Photoelectrochemical experiments were carried out in a three electrode cell. Fig. 3 shows the i-t curve for Cys-CdTe/NbO films. Photocurrents were observed at bias voltage = 0 V vs. Ag/AgCl reference electrode under illumination with 250 Watt Xe light source (Newport). Electrolyte was a solution of 0.1 M Na₂S + 0.1 M Na₂SO₃ + 0.1 methanol. I-t curves of films deposited from nanoscrolls without QDs and QDs without nanoscrolls were also taken under same conditions as a reference to elucidate the influence of QD sensitization. As can be seen in Fig. 3, Cys-CdTe/NbO film produces photocurrent under illumination of simulated sun light with AM1.5 filter (100 mW cm⁻²). The maximum current density for Cys-CdTe/NbO film was estimated around 40 μA cm⁻². Photocurrent obtained from niobate films was around 2 μA cm⁻² as seen in the figure. Photocurrent produced by QD film only was 8 μA cm⁻² in the beginning but decreased over time (see ESI†). Photocurrent values reported for niobate nanosheets sensitized with dye molecules in the literature are below 10 μA cm⁻² and our samples generated much higher photocurrent in the visible range than reported values.^7,9,16,27,28 Photocurrent generated at different applied potentials showed that the film shows anodic photocurrent at band gap excitation (see Fig. 7 in ESI†). Zero photocurrent which could be attributable to current at flat-band potential was observed at −0.45 V vs. Ag/AgCl and the largest photocurrent was obtained around 0 V vs.
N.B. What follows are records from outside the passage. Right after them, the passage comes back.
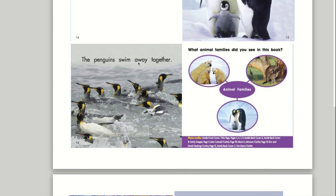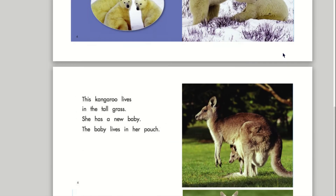The penguins swim away together. What animal families did you see in this book?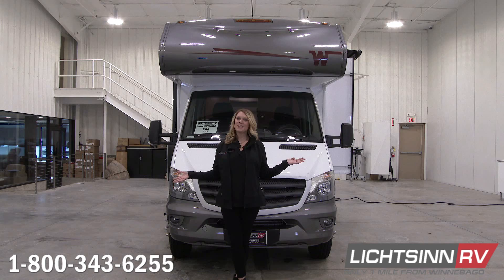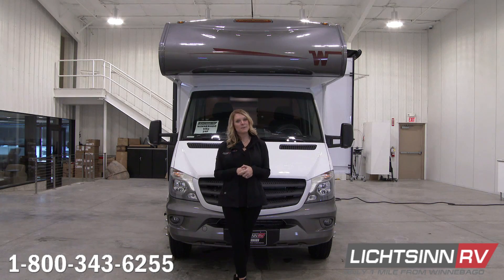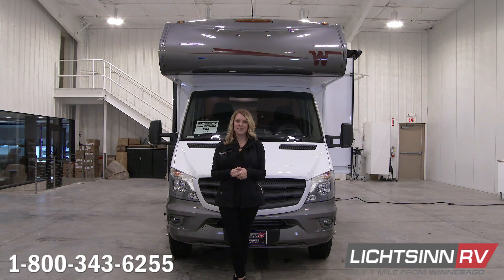For more information on the Winnebago Vita, check out our website at www.litsinrv.com or give us a call at 1-800-343-6255 and speak with one of our sales consultants.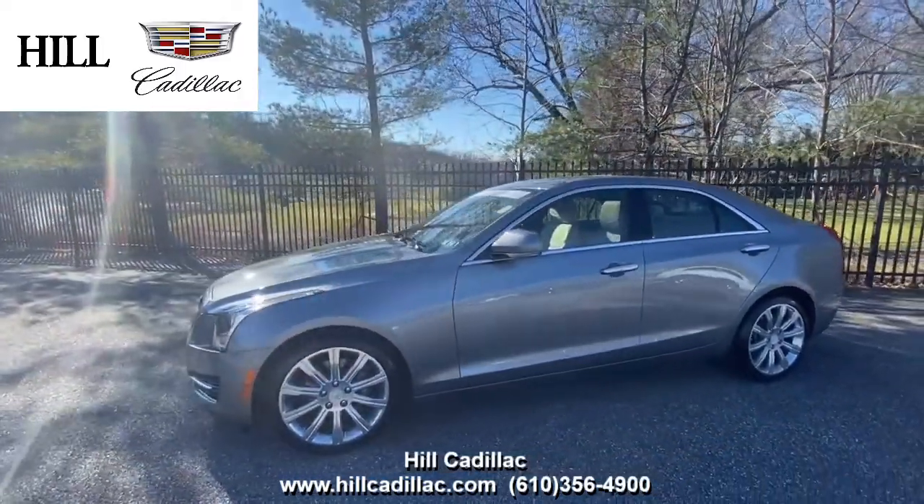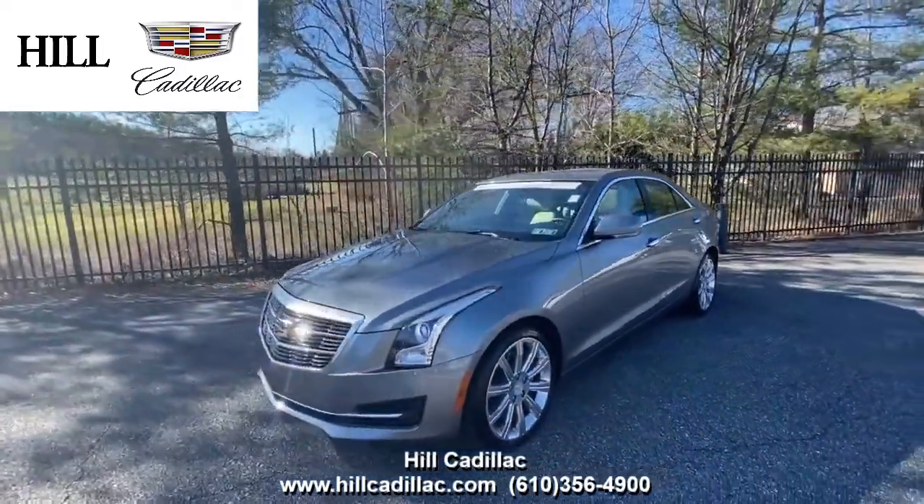For more information, come in or give us a call. If you're looking for a luxury car, we have your back at Hill Cadillac.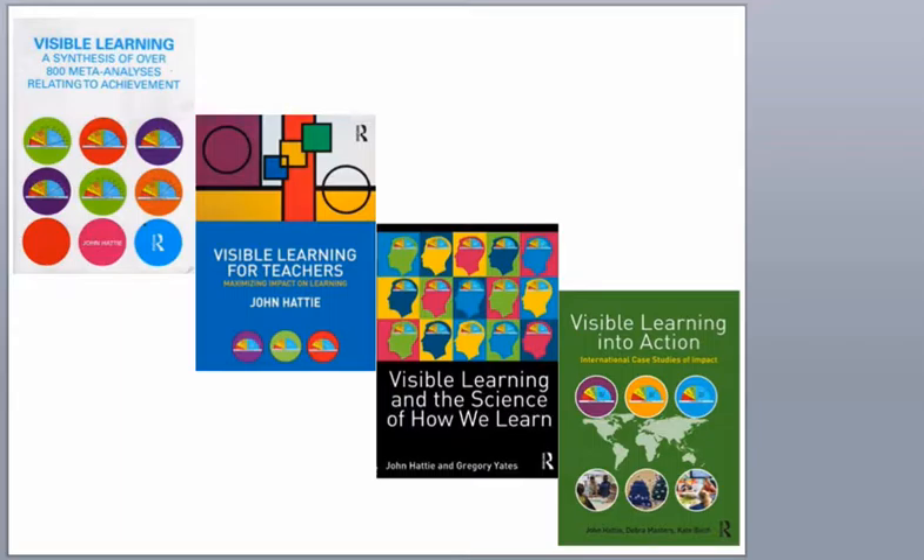One of them should be on the bookshelf of every single educator, regardless of what level they teach at — elementary, high school, middle school, university, community college, it doesn't matter. These are incredible books. They are incredibly useful if you approach them with an open mind and want to change your practice based upon them. What they are doing is part of a research program that John Hattie put together called Visible Learning.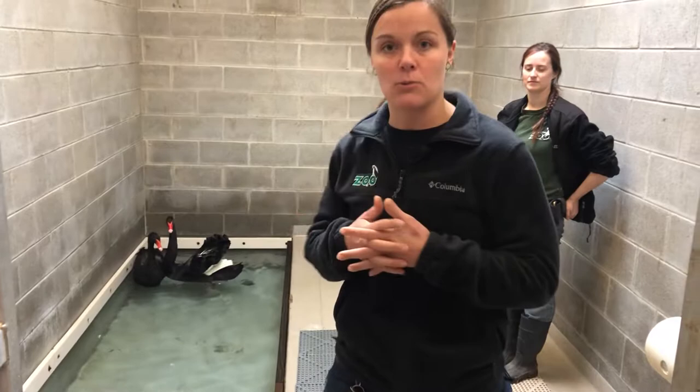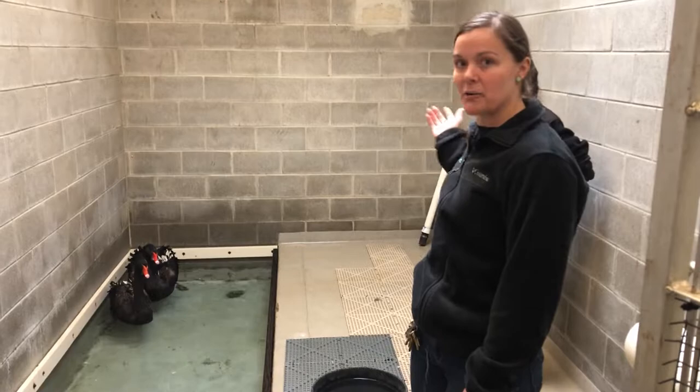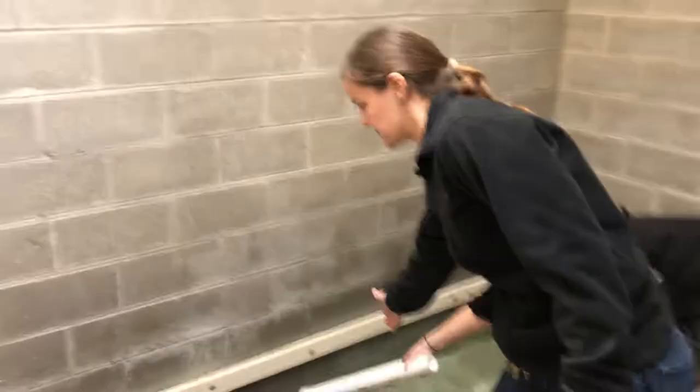Hi, I'm Jamie, the animal care manager here at Pottawatomie Zoo. Although we are down to essential staff because of this pandemic, we are still focusing on getting the animals out and into their habitats and ready for the spring. Since the weather's warming up, we are going to be moving our black swans today out to their outside enclosure, so their welfare continues to get better and better. This is their inside holding, and I'm here with keeper Lauren who's going to help me grab them up and move them outside for the season.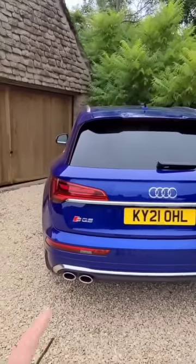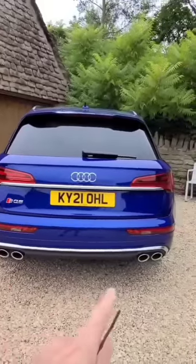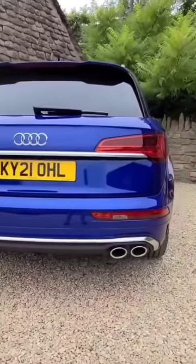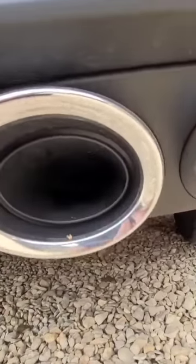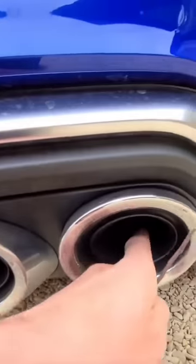Something terrible is happening to modern cars. Look at this. It's an Audi SQ5, supposed to be the sporty model, and it's got quad exhaust pipes, but when you actually look at them, you can see they're not real.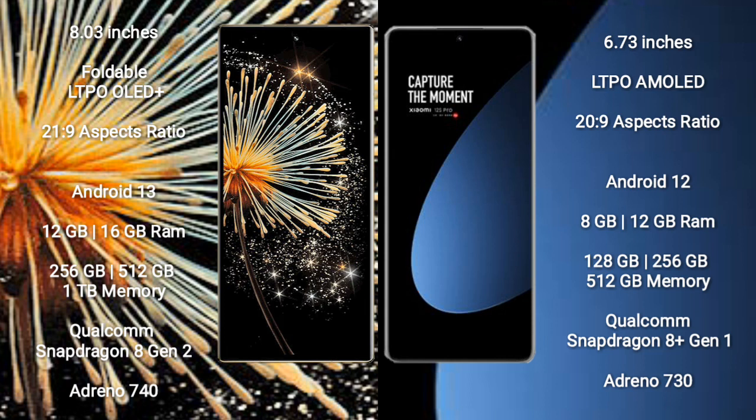Xiaomi Mix Fold 3 runs on the Android 13 operating system. Xiaomi 12s Pro runs on the Android 12 operating system.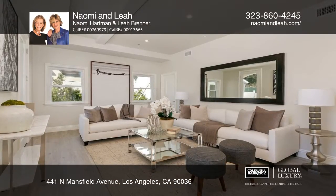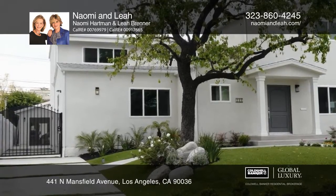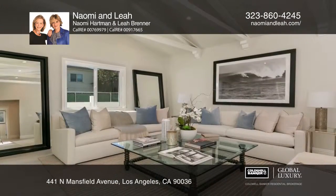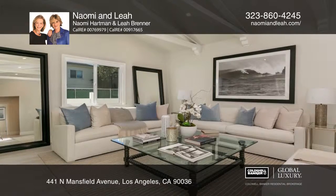This stunning Spanish home is located on a beautiful street in Hancock Park. The gorgeous living room has high-beam ceilings and flows into a chef's kitchen featuring high-end appliances and a huge island.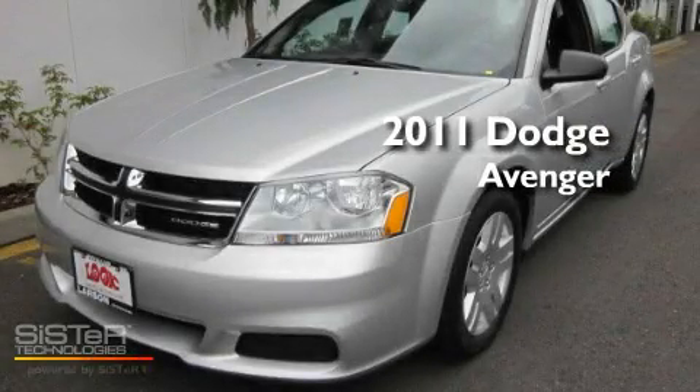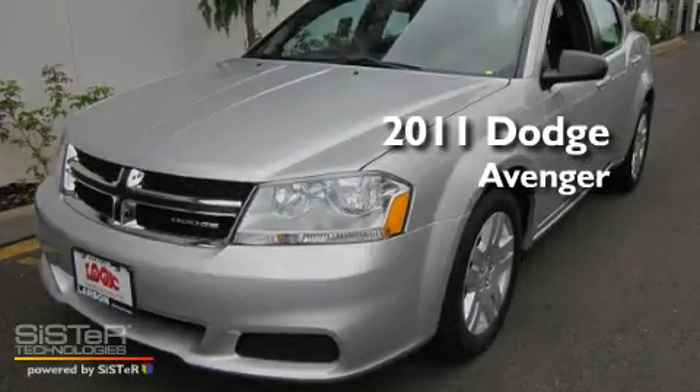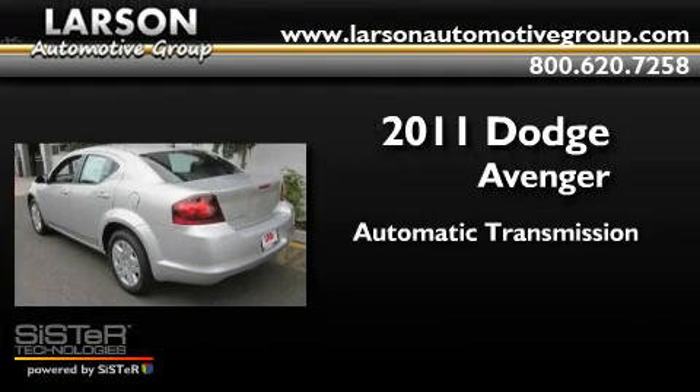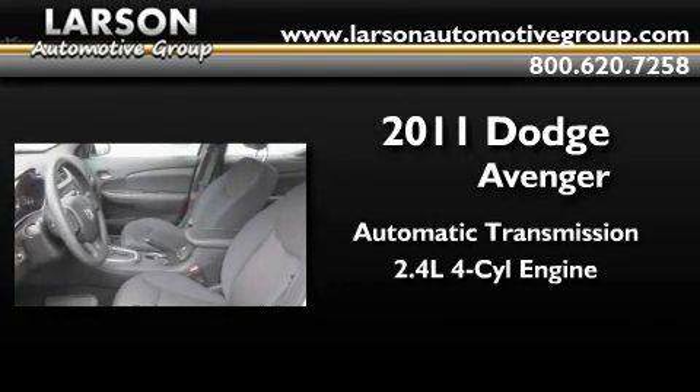This is a brand new 2011 Dodge Avenger. This car has an automatic transmission and an inline four-cylinder engine.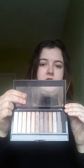Next is my Makeup Revolution eyeshadow palette. I love eyeshadow palettes like this because of the great colours - come on, all of you guys will agree with that!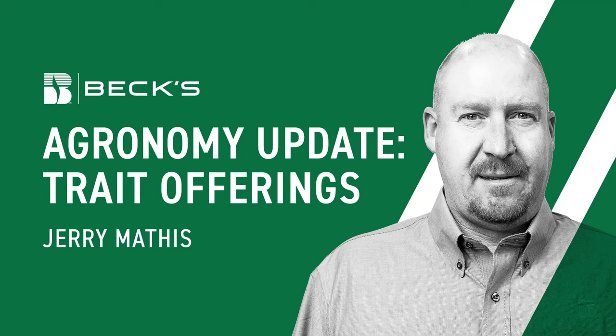This is Jerry Mathis, field agronomist in South Dakota with Bex Hybrids. Joining me today is Dale Victora, field agronomist in southeast Minnesota. We're here today to talk about some of the confusion over some of the corn traits that are new and upcoming on the line, and just want to give guys a better understanding of what some of this is and where we use them.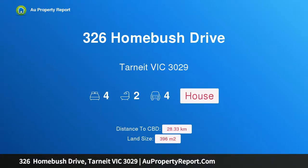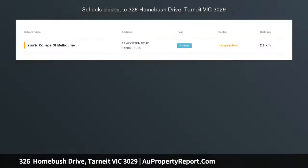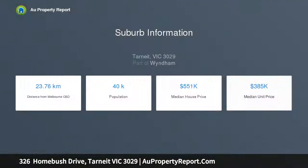Hi, I'm glad to introduce property 326 Homebush Drive, Tarneit Victoria 3029, located in Grand Central Estate — a 24 square home. Summary of inclusions: estate requirements included, fixed site costs, flooring coverings throughout, and 20 millimeter composite stone bench tops to the kitchen.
Ag/AgCl.

Fig. 3 Photocurrent produced by CdTe/NbO (black solid line) and NbO without QD (red line) films in a solution of 0.1 M Na₂S + 0.1 M Na₂SO₃ + 0.1 methanol. Experiments were performed by 250 Watt Hg-Xe Light source with 1.5 AM filter (100 mW cm⁻²).

The observed photocurrent is in harmony with the UV-vis spectrum and as a result of electronic coupling between QDs and NbO nanoscrolls. The electron transfer from the conduction band of CdTe to the conduction band of the niobate is responsible for such behavior. The metal-to-metal charge transfer between two components can easily take place owing to the charge transfer capabilities. It is well known that the conduction band of the guest must be at higher potentials than that of host in order to have an efficient charge transfer. The schematic energy diagram of CdTe/niobate system vs. NHE is given in Fig. 4. The energy level of the conduction band of CdTe QD is at higher potentials than that of niobate nanosheets. This phenomenon brings about the efficient charge transfer from excited CdTe QDs to niobate nanosheets. Another evidence for the charge transfer is quenching in the photoluminescence of CdTe QDs. Photoluminescence of the CdTe was diminished after CdTe QDs were deposited together with the niobate nanosheets onto a substrate (see ESI†). Separation of photogenerated charge carriers is followed by the energy transfer from CdTe QDs to niobate nanosheets and hence reduces the electron-hole recombination. Electron-hole recombination is also prevented by the presence of hole scavengers, which are S²⁻ and methanol in this study. S²⁻ and methanol are known to be effective hole scavenger species for QDs and layered oxides, respectively.^23,25

Fig. 4 Energy band diagrams of CdTe QD and niobate nanosheets and possible energy transfer mechanism.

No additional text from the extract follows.